Signed Multiplication of 1024-bit 2's complement numbers using 32-bit chunks

Question

So I have the following struct definition for my 1024-bit number (I want to use 2's complement representation here and I am on a 32-bit system):

typedef struct int1024
{
    int32_t num[32]; //should I use uint32_t?
} int1024;

Basically an array that holds the segments of the number.

For add since, signed and unsigned addition are the same. I can simply use the instructions add and adc to carry out the extended operation for my bigger array.

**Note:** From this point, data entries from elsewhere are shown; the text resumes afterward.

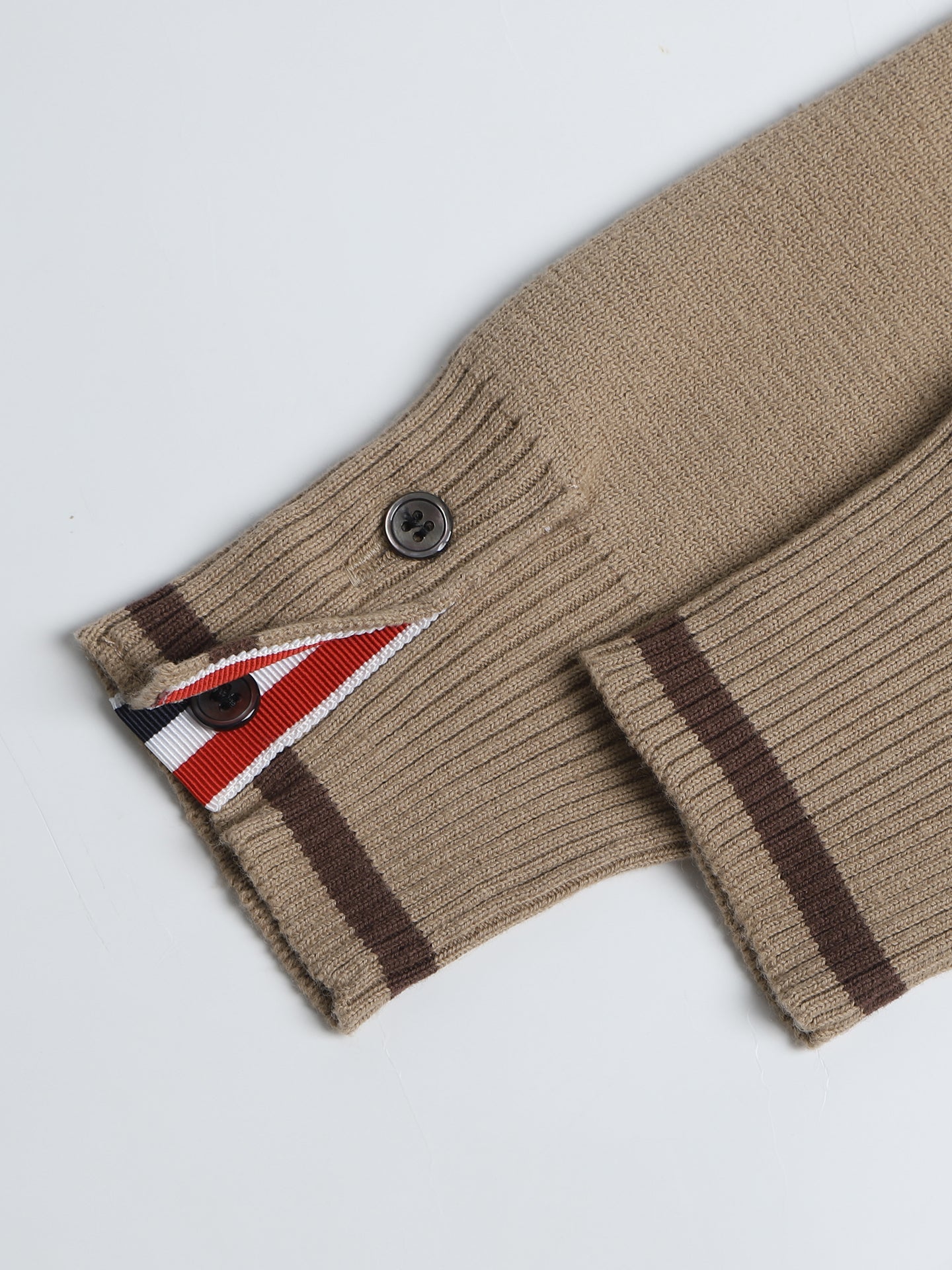 2025SSS Khaki colorblock sweater jacket THOM TREND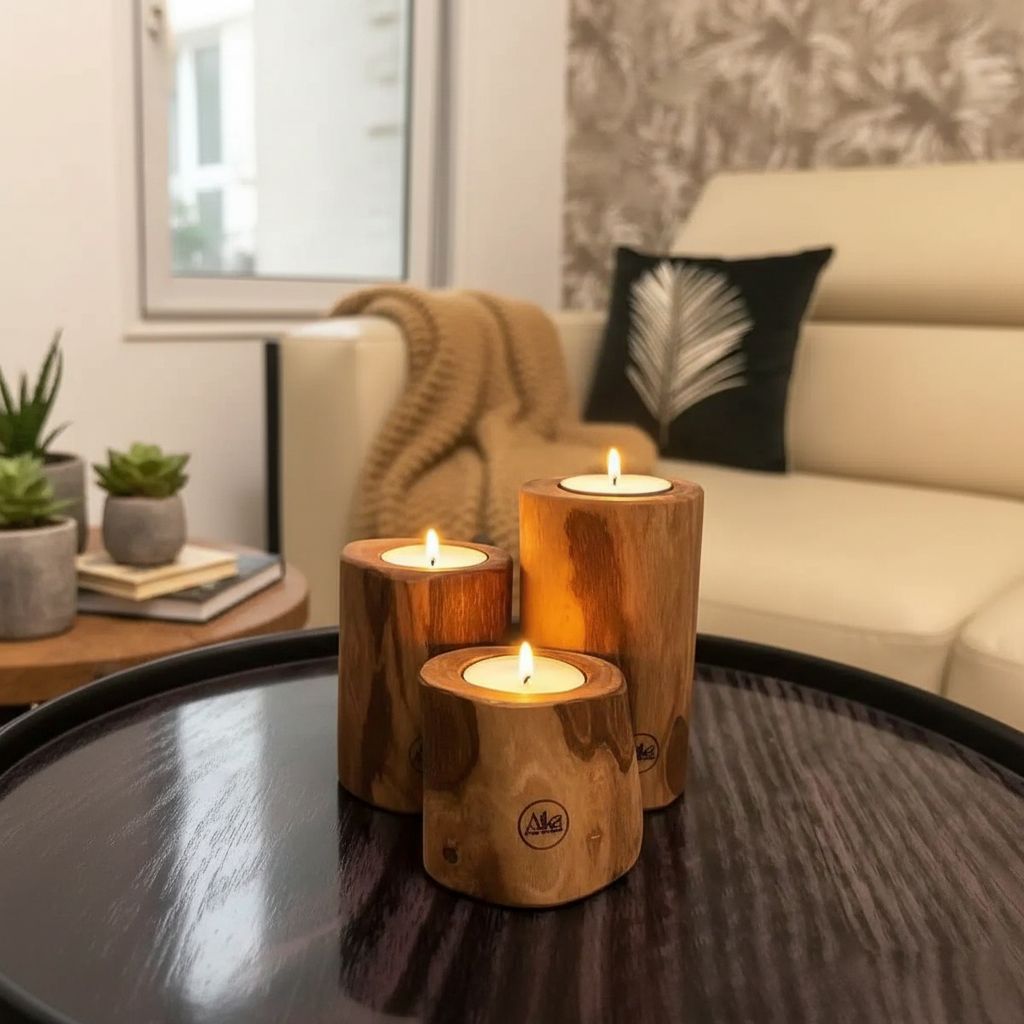 Olive Wood Candle Holder Trio - Handcrafted and Natural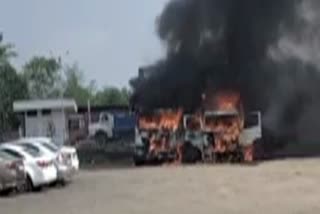 2 canter lorries carrying cars caught fire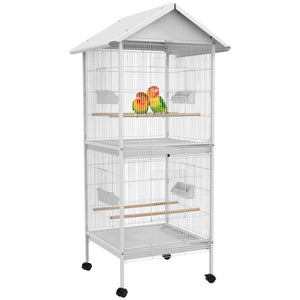 English Elm Pawhut Wrought Iron Flight Bird Cage with Stand Perches Wheels White 67 Inch W2225P166374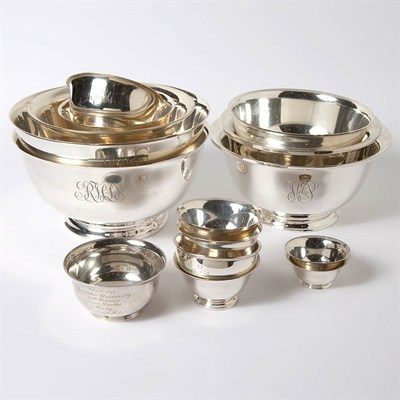 Lot 267 - Fourteen Sterling Silver Revere Style Bowls...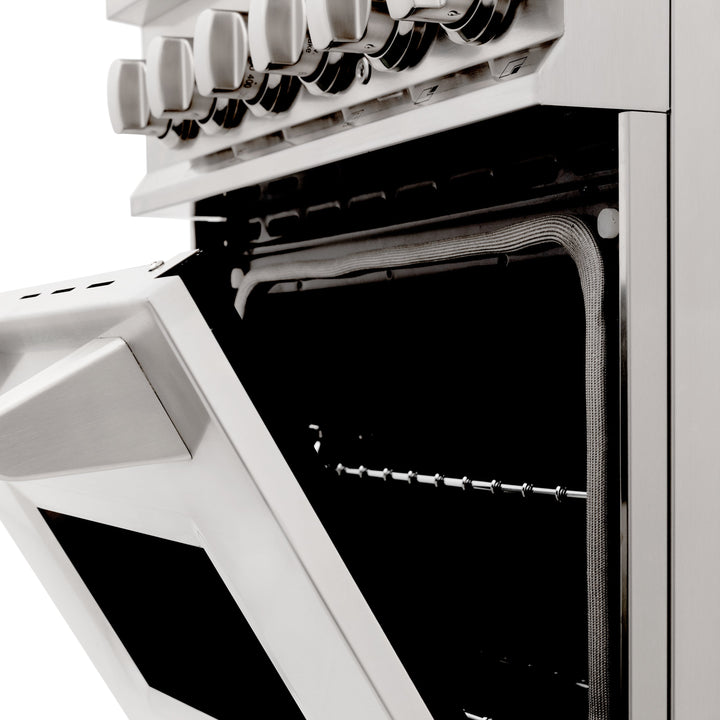 ZLINE 24 in. 2.8 cu. ft. Legacy Dual Fuel Range with 4 Burner Gas Cooktop and Electric Convection Oven in Stainless Steel, Open Box-Excellent Condition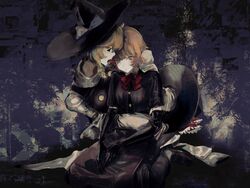  2girls abstract_background arm_around_waist black_capelet black_eyes black_footwear black_gloves black_headwear black_skirt black_vest blue_background blue_eyes bow bowtie braid capelet chinese_commentary closed_mouth commentary_request cookie_(touhou) elbow_gloves expressionless full_body gloves hat hat_bow highres kirisame_marisa licking licking_eye looking_at_another looking_at_viewer meguru_(cookie) multiple_girls on_(_l0_) open_mouth red_bow red_bowtie shirt shoes short_hair side_braid single_braid skirt sleeves_past_fingers sleeves_past_wrists socks touhou unworn_hat unworn_headwear vest white_bow white_legwear white_shirt witch_hat yuri yuuhi_(cookie) 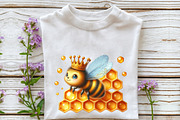 Watercolor Busy Honey Bee Clipart, an Illustration by Rose Art (Thumbnail 4 of 7)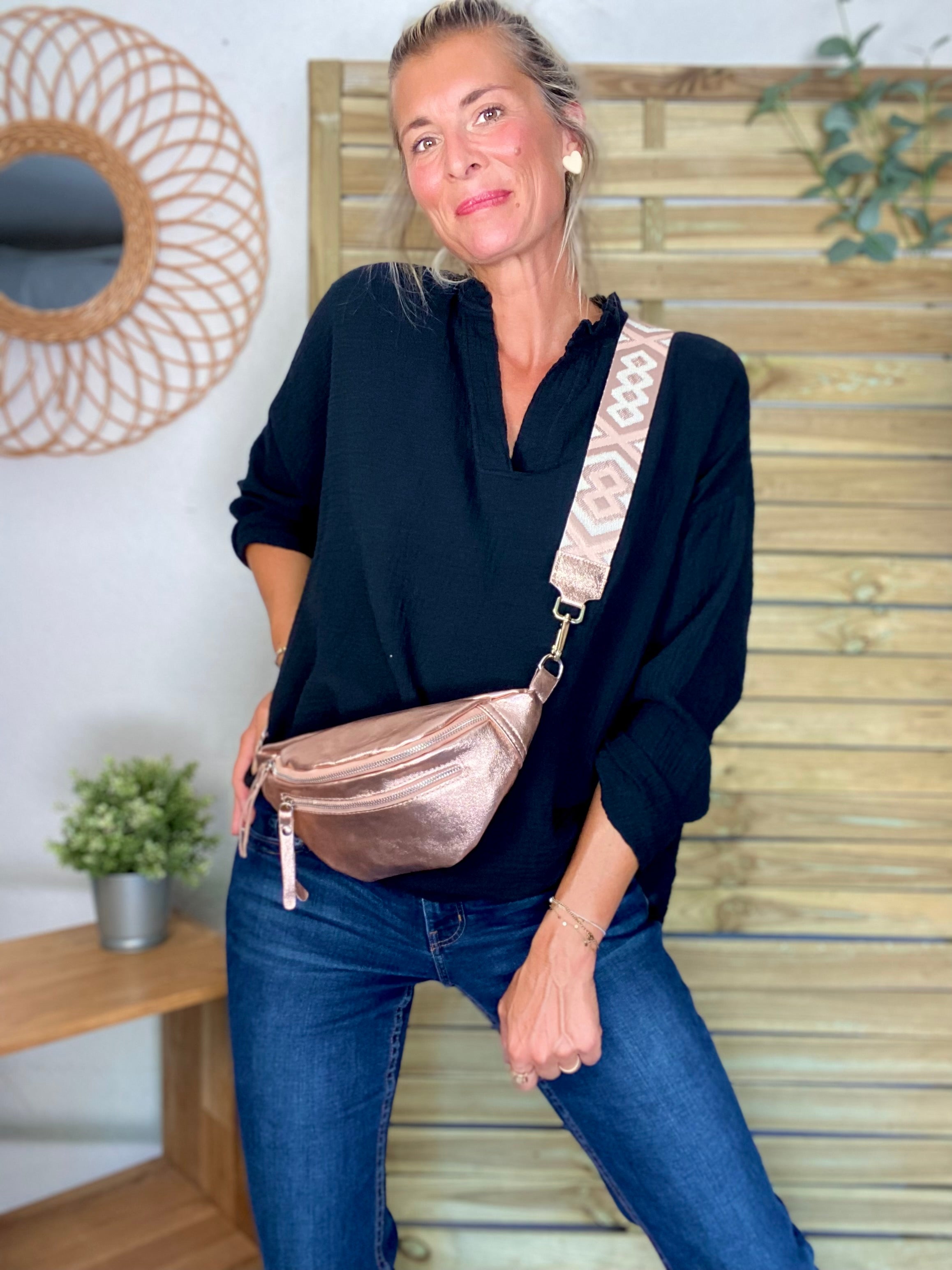 Blouse en gaze de coton SIERRA Noire - manches longues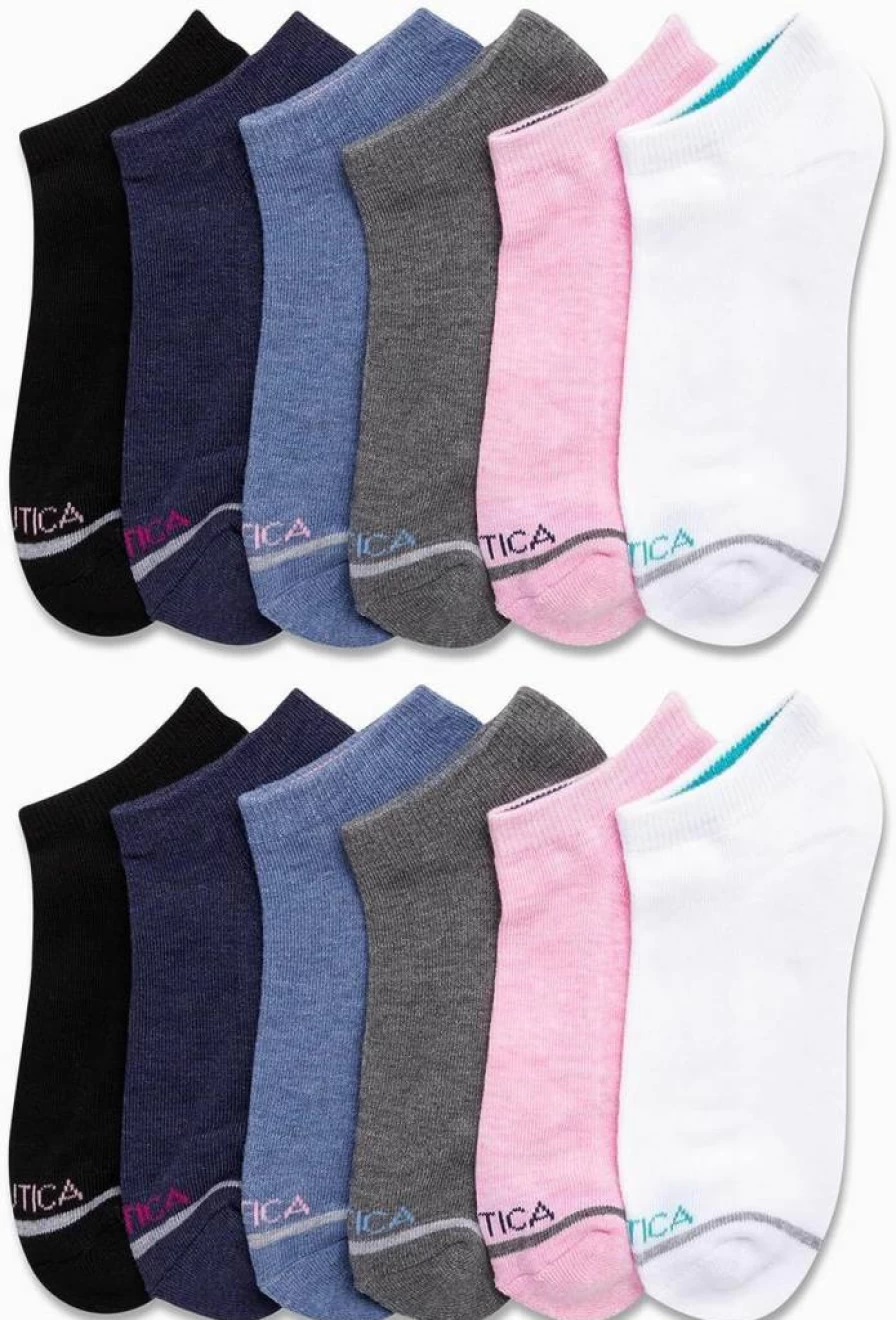 Nautica Women's Low Cut Athletic Socks 12 Pack - Cushioned Ankle Socks for Running, Sports & Casual Wear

Now for multiplication. I was able to get an unsigned multiplication to work using a combination of imul (using the upper and lower results) and adc using the classic O(n^2) multiplication algorithm. However I need signed multiplication for my results. I know people say just to use the signed magnitude version. i.e. take the 2's complement when negative and at the end apply 2's complement if needed. But all the extra noting and adding 1 will be really expensive, since I need to do a lot of multiplications. Is there a technique for doing large signed multiplication for number representations like this. (I don't really want any branching or recursive calls here). I guess one of my main problems is how to deal with carry and the high part of the multiplication of negative numbers. (just an idea, maybe I could use a combination of signed and unsigned multiplication, but I don't know where to begin). If you don't have time for 1024 bits, a 128 bit answer will suffice (I will just generalize it).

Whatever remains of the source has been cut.